To achieve a sea change in policy, the most important task is to legitimize a favored approach and delegitimize a disfavored one. That is exactly what progressives have done over the past decade when it comes to antitrust issues. In a multi-pronged advocacy campaign, they have demonized big business, discredited longstanding bedrock principles of antitrust policy, and advanced a new doctrine that happens to align neatly with a redistributionist economic agenda.

Their basic contention is that the economy has fallen into the grip of rapacious monopolies, which are crushing competition to the detriment of small businesses, workers, and many other societal interests. It’s a case built on half-truths, faulty research, and dubious economic theory, but it seems to be winning the day — as evidenced by last week’s Senate Judiciary Committee hearing titled, unsubtly, “Competition Policy for the Twenty-First Century: The Case for Antitrust Reform.”

This was among the latest installments in a dramatic miniseries that began in the last session of Congress with similar hearings in the House Judiciary Committee. If you have been following along with any of this, you have been treated to an impassioned evisceration of U.S. antitrust doctrine and policy, which since the 1980s has been based on four key principles: 1) Large firms are not inherently problematic; 2) market power can increase or decrease economic welfare; 3) antitrust should protect competition, not competitors; and 4) the ultimate goal is to improve consumer welfare by spurring innovation.

Those principles provide the analytical framework for what is known as the “consumer welfare standard” in antitrust enforcement. In short, when regulators scrutinize a business practice or a proposed merger, they try to judge whether it helps or harms consumers. But the antitrust crusaders have reframed the debate to introduce a new “public interest standard,” which would be conveniently malleable enough to serve a wide range of purposes, such as protecting small firms, saving jobs, reducing income inequality, and more.

To rally support for their cause, progressives have spun an intricate narrative in which virtually all economic problems stem from large corporations. Thus, in the words of Roosevelt Institute scholar Nell Abernathy, it is time for antitrust to “tame” the corporate sector.
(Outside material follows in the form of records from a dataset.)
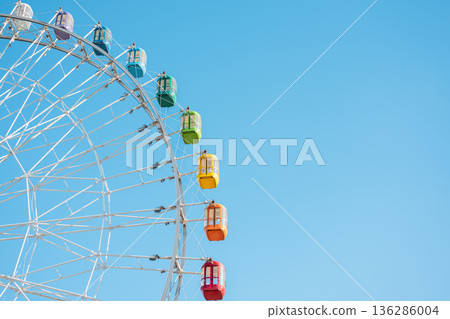 Colorful Ferris Wheel Colorful Ferris Wheel 136286004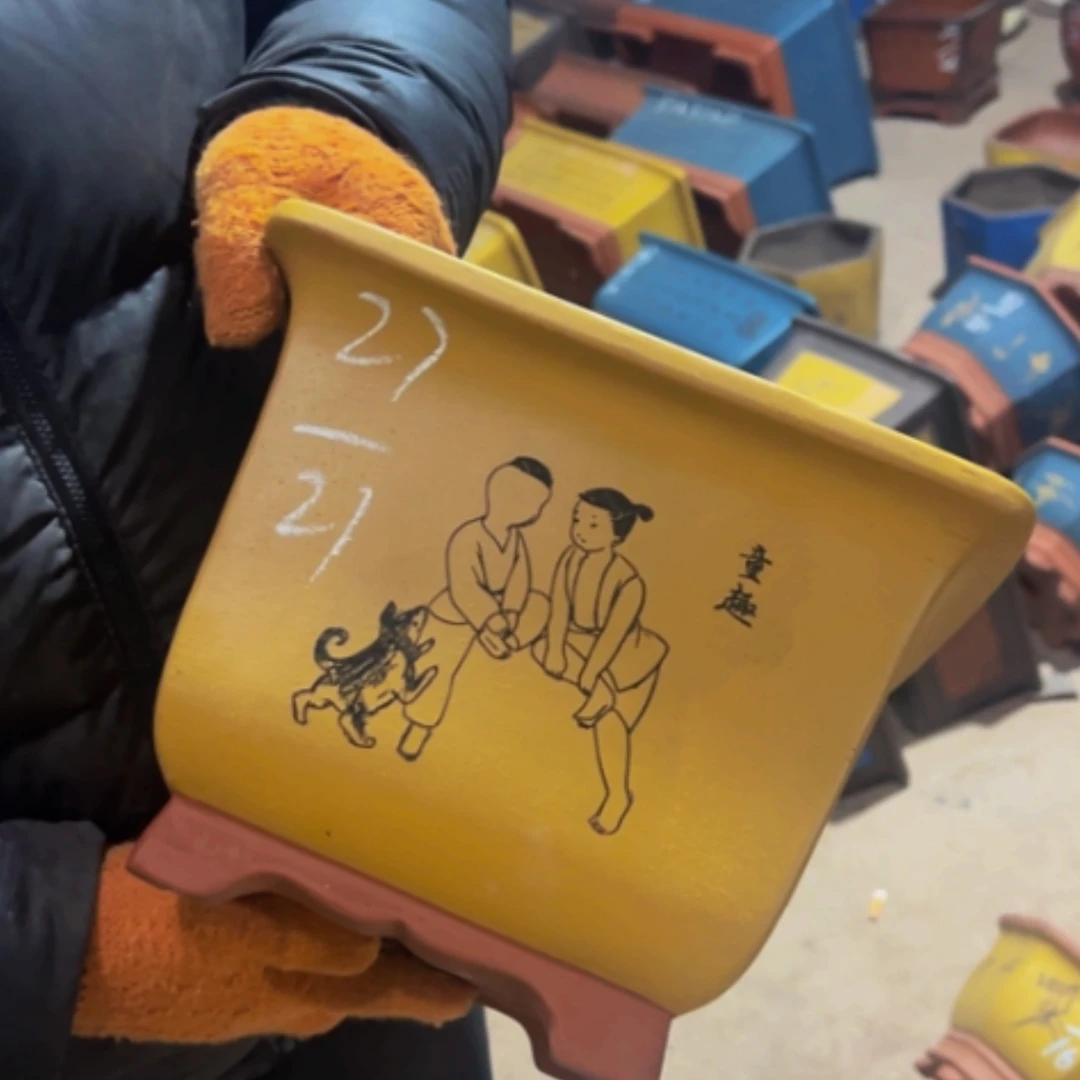 【闪购商品】紫砂花盆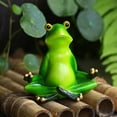 thumbnail image 3 of AMERTEER Green Frog Statue Yoga Frog Garden Decor Statues, 3 of 15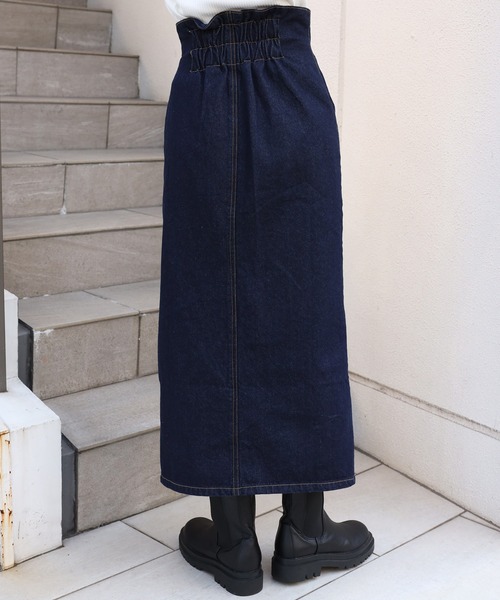 one after another NICE CLAUP(ワンアフターアナザーナイスクラップ)の「美シルエットでスタイルアップして履ける。ハイウエストタイトスカート(スカート・レディース・ブラック/アイボリー/ダークインディゴブルー/ブラウン系その他・SMALL/MEDIUM)」の5枚目の写真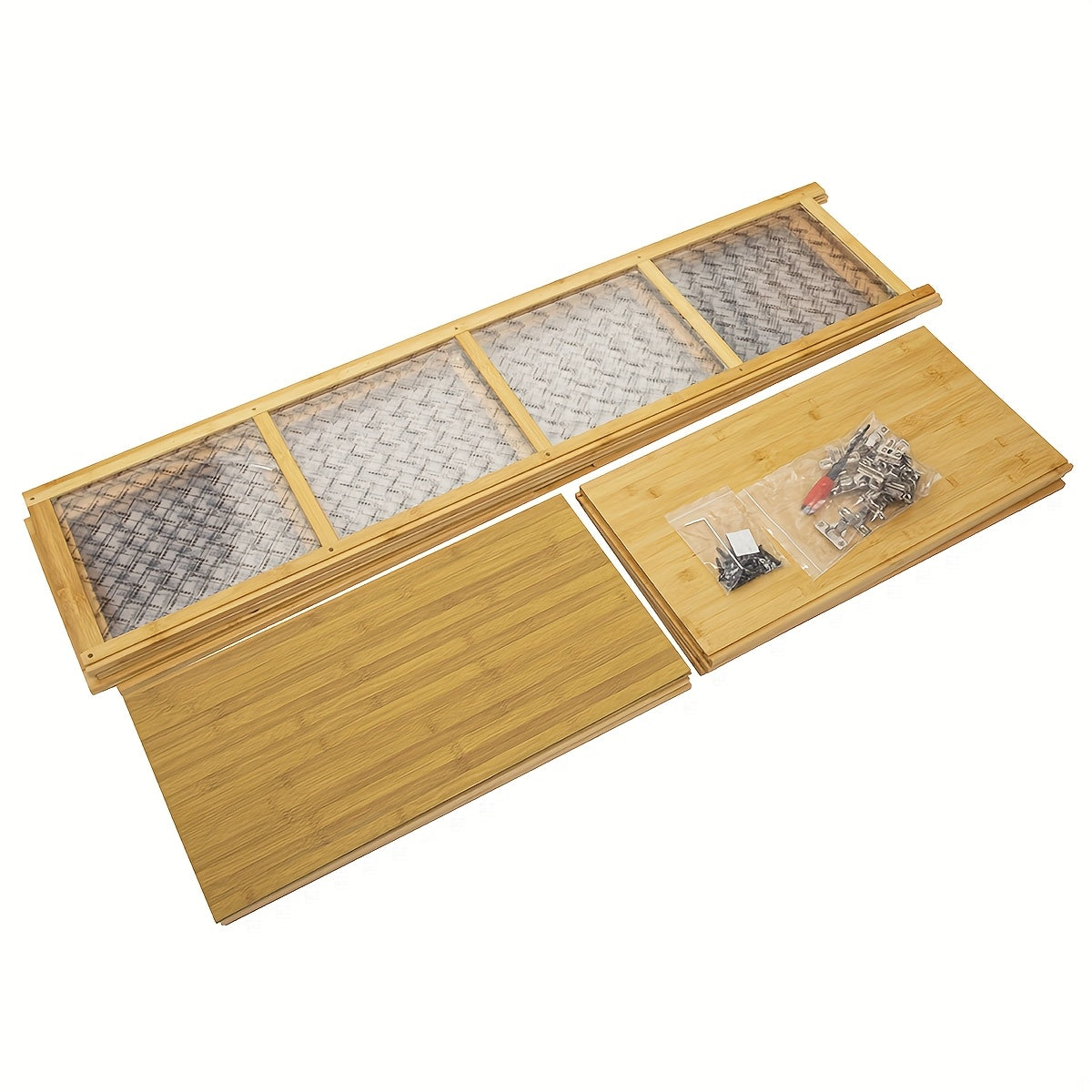 Acrylic Transparent Display Cabinet, Bamboo Collectible Display Cabinet, Cell Storage, Toy Model Display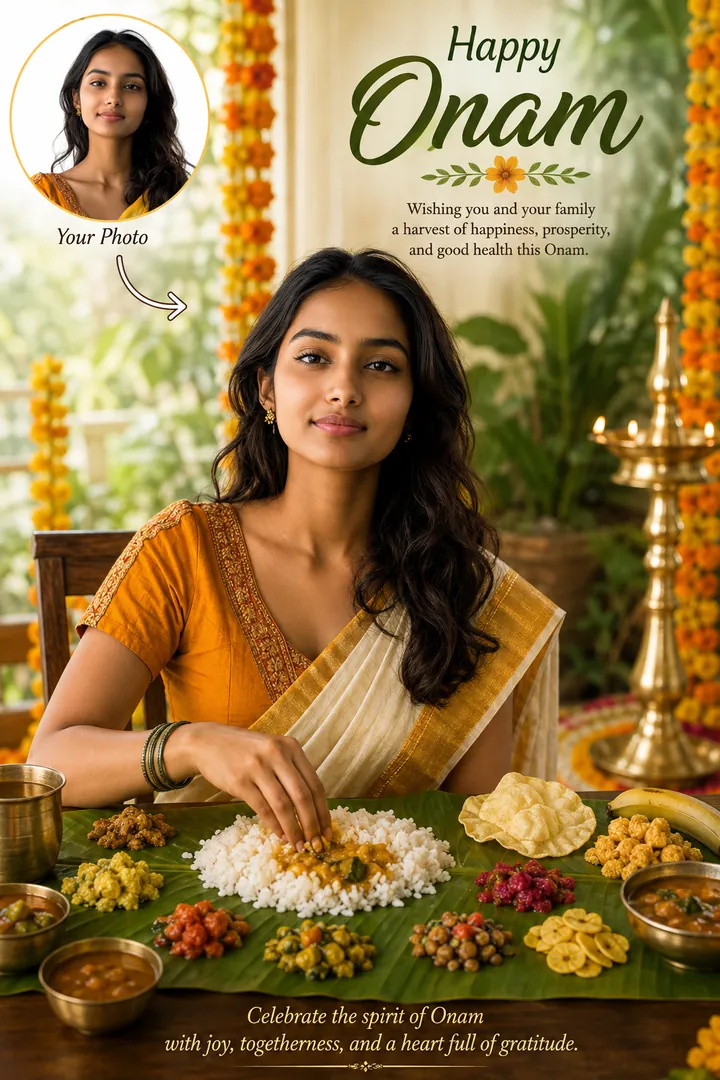 Onam Sadya Feast: AI Festival Collection photo effect example 2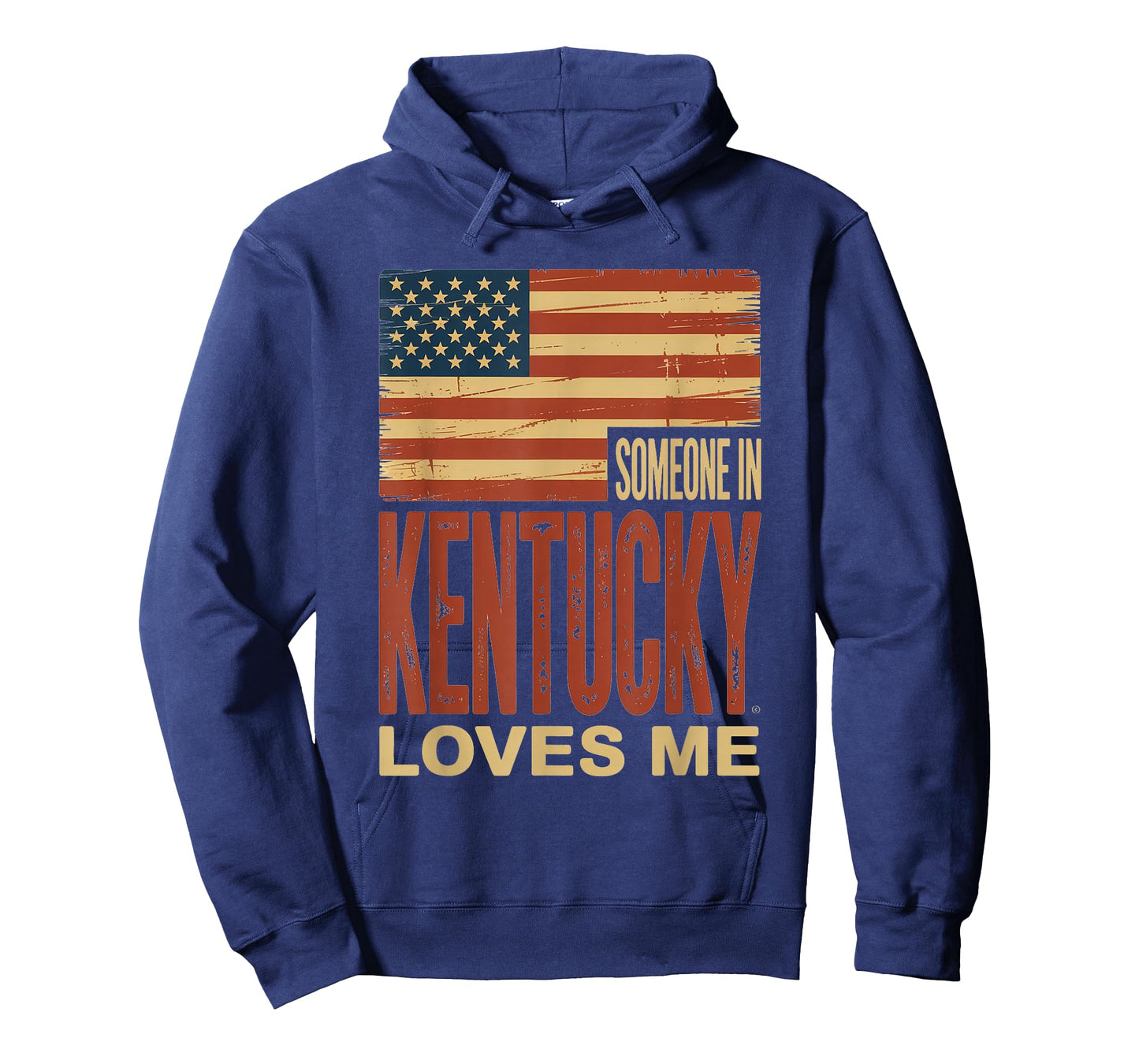 Someone in Kentucky Loves Me US Flag T-Shirt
Contributing to the drumbeat, there has been recent White House appointee Tim Wu’s “The Curse of Bigness”; Matt Stoller’s “Goliath: The 100 Year War Between Monopoly and Democracy”; Barry Lynn’s “Cornered: The New Monopoly Capitalism and the Economics of Destruction”; and the book with perhaps the catchiest title, if not the most eloquent, Sally Hubbard’s “Monopolies Suck: 7 Ways Big Corporations Rule Your Life and How to Take Back Control.

These books almost all start with a description of an idealized world before the 1980s, when corporations were supposedly much smaller and everyone else much better off. Then, according to the narrative, a host of economic problems ensued, thanks to the rise of so-called “monopolies” and the emergence of a corrupt new school of antitrust, enabled by craven antitrust scholars in the pocket of big companies. And as in a three-act play, the finale involves the progressives arriving to save a long-lost American dream by taking the antitrust hatchet to big, bad corporations.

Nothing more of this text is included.